Data extract:
=== Begin Enclosure ===
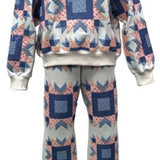Ivory, Blue & Light Pink Patchwork Sweatshirt | Queen Of Sparkles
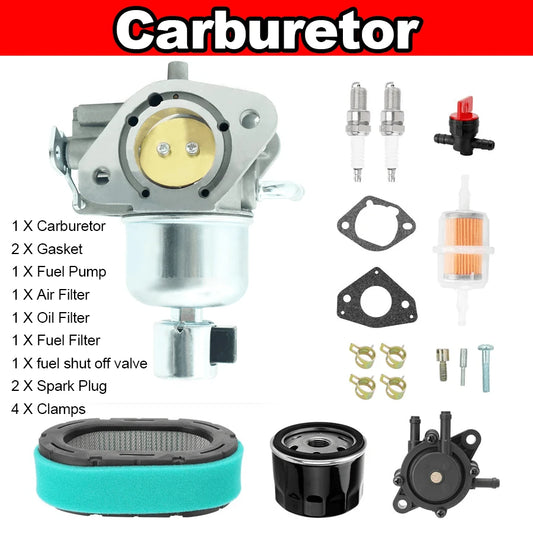 14pcs Carburetor Replacement Kit, Durable Metal/Plastic, Complete Component Set, Compatible With Kohler 7000 Series (KT725/KT730/KT745), Ideal For Global Lawn Mower/Outdoor Power Equipment Repairs, B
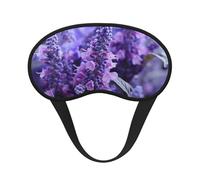Masque de sommeil pour les yeux en soie avec sangle élastique super douce pour les yeux - Motif fleurs violettes lavande - Bandeau occultant pour les yeux - Pour homme et femme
=== End Enclosure ===
The problem:
Please return the full listing word for word, but without any pictures.

Solution to this exercise:
Ivory, Blue & Light Pink Patchwork Sweatshirt | Queen Of Sparkles
 14pcs Carburetor Replacement Kit, Durable Metal/Plastic, Complete Component Set, Compatible With Kohler 7000 Series (KT725/KT730/KT745), Ideal For Global Lawn Mower/Outdoor Power Equipment Repairs, B
Masque de sommeil pour les yeux en soie avec sangle élastique super douce pour les yeux - Motif fleurs violettes lavande - Bandeau occultant pour les yeux - Pour homme et femme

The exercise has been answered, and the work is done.